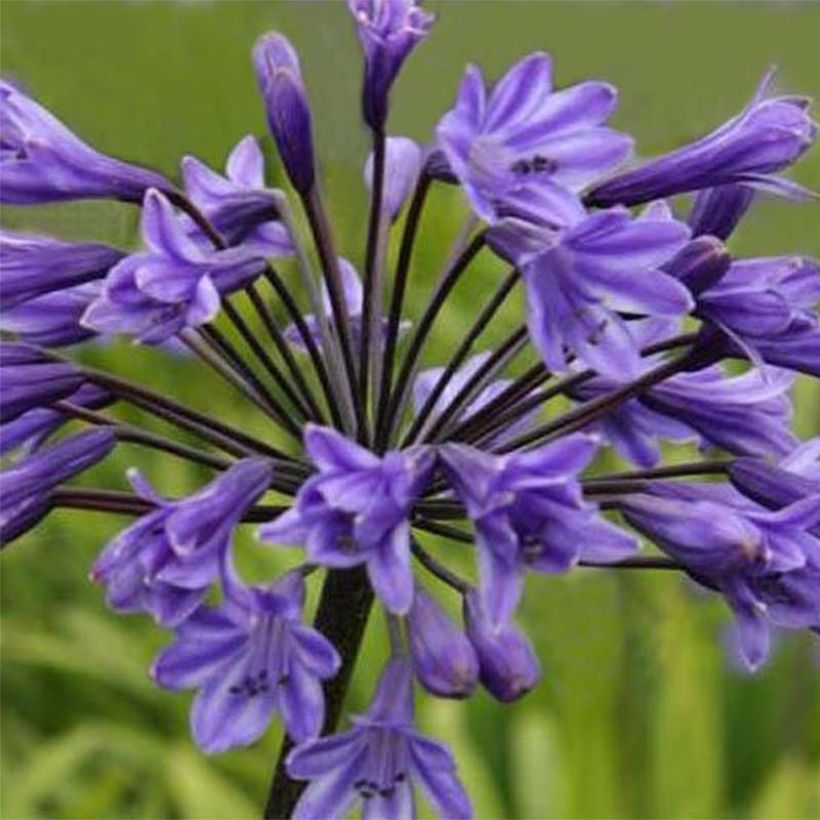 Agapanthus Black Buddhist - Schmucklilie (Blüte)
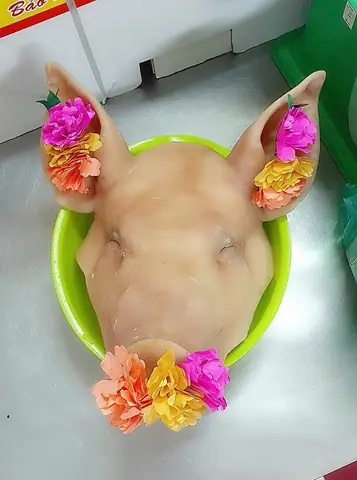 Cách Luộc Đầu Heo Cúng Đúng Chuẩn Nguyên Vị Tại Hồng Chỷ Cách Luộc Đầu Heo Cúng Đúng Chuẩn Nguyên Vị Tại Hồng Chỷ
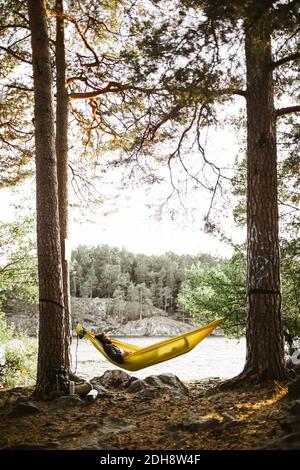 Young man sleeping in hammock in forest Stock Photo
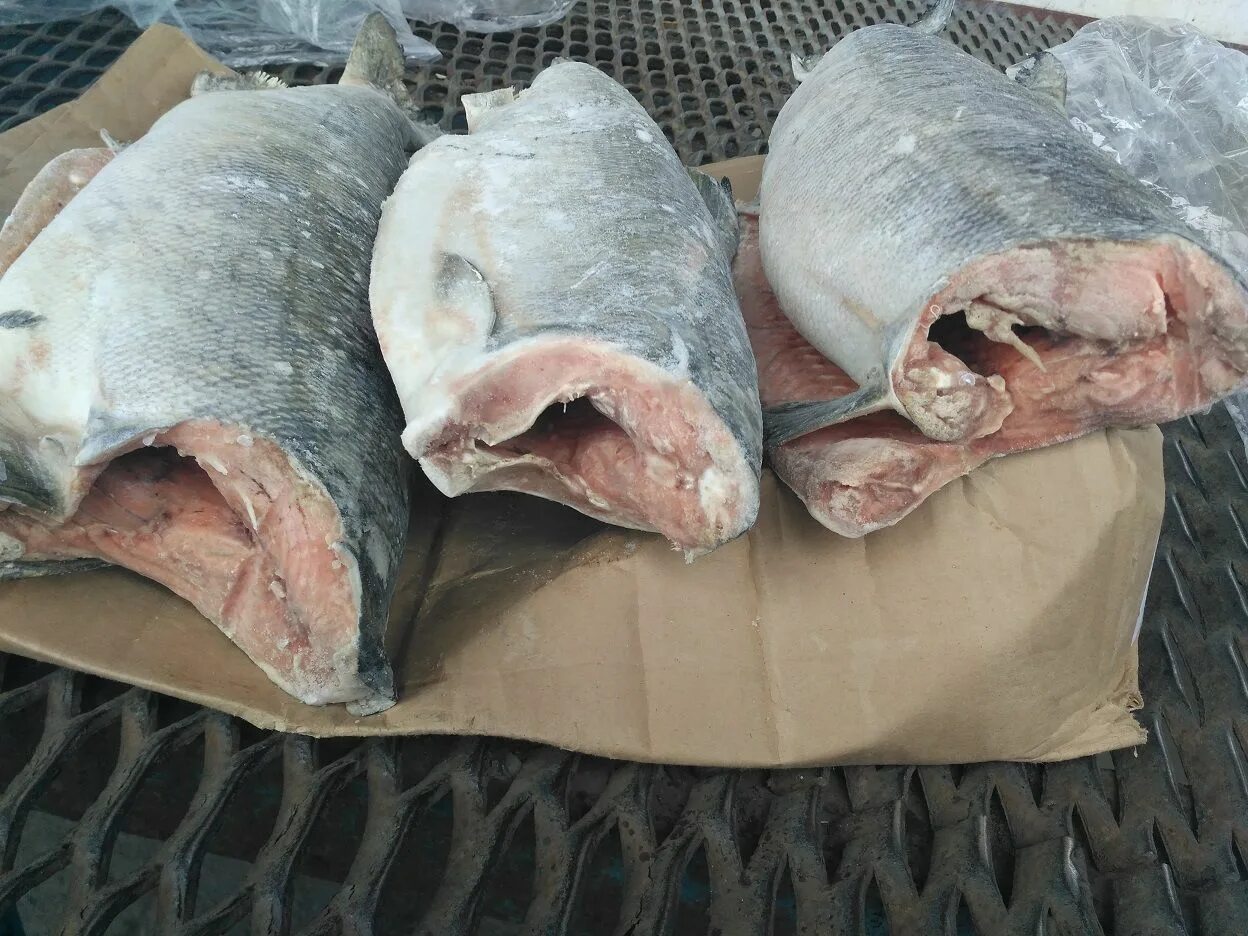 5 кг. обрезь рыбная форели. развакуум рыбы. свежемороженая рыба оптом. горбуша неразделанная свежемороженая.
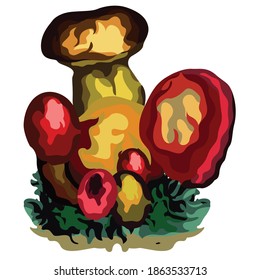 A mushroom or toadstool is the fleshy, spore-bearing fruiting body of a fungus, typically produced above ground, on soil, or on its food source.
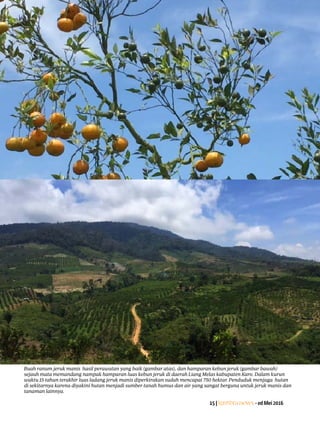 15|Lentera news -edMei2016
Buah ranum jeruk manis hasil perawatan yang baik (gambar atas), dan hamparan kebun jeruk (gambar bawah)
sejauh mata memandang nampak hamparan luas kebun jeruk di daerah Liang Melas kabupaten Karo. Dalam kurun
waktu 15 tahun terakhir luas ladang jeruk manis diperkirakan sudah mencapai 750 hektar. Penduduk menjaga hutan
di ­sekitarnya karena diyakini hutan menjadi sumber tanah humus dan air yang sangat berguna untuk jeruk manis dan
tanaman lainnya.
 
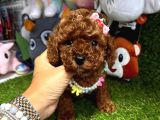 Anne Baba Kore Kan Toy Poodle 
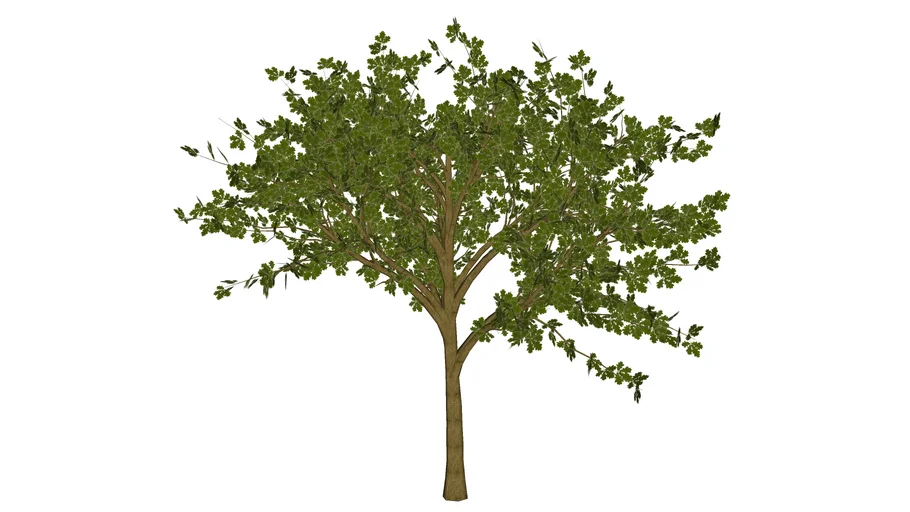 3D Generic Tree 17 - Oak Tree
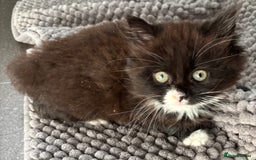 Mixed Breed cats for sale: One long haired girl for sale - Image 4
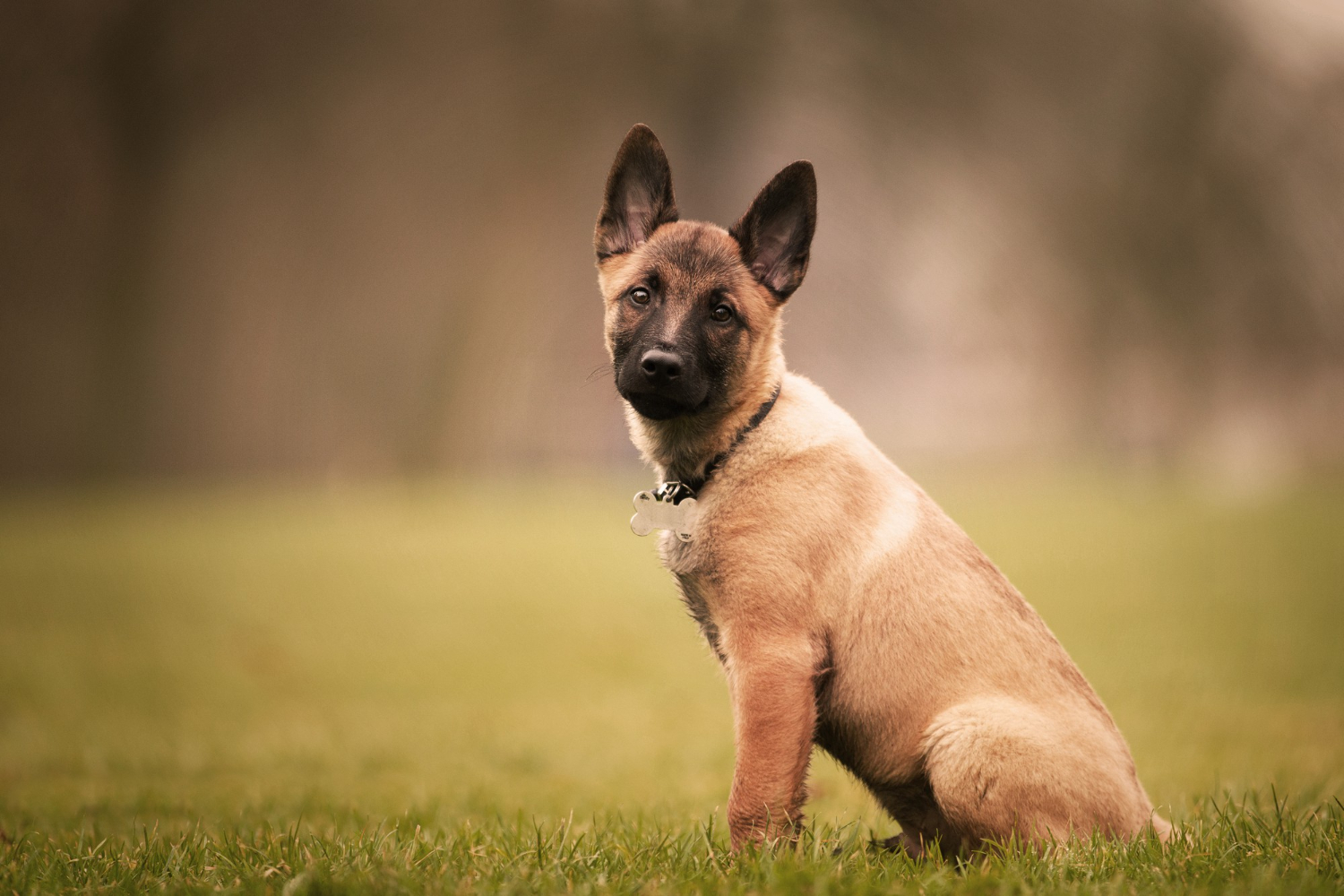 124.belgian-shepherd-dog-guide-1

Exercise.
Set the pictures aside and retype exactly the lines above from the line with "A mushroom or" to the line with "15|Lentera news -edMei2016", both included, adding no others.

Solution for this problem.
 A mushroom or toadstool is the fleshy, spore-bearing fruiting body of a fungus, typically produced above ground, on soil, or on its food source.
 15|Lentera news -edMei2016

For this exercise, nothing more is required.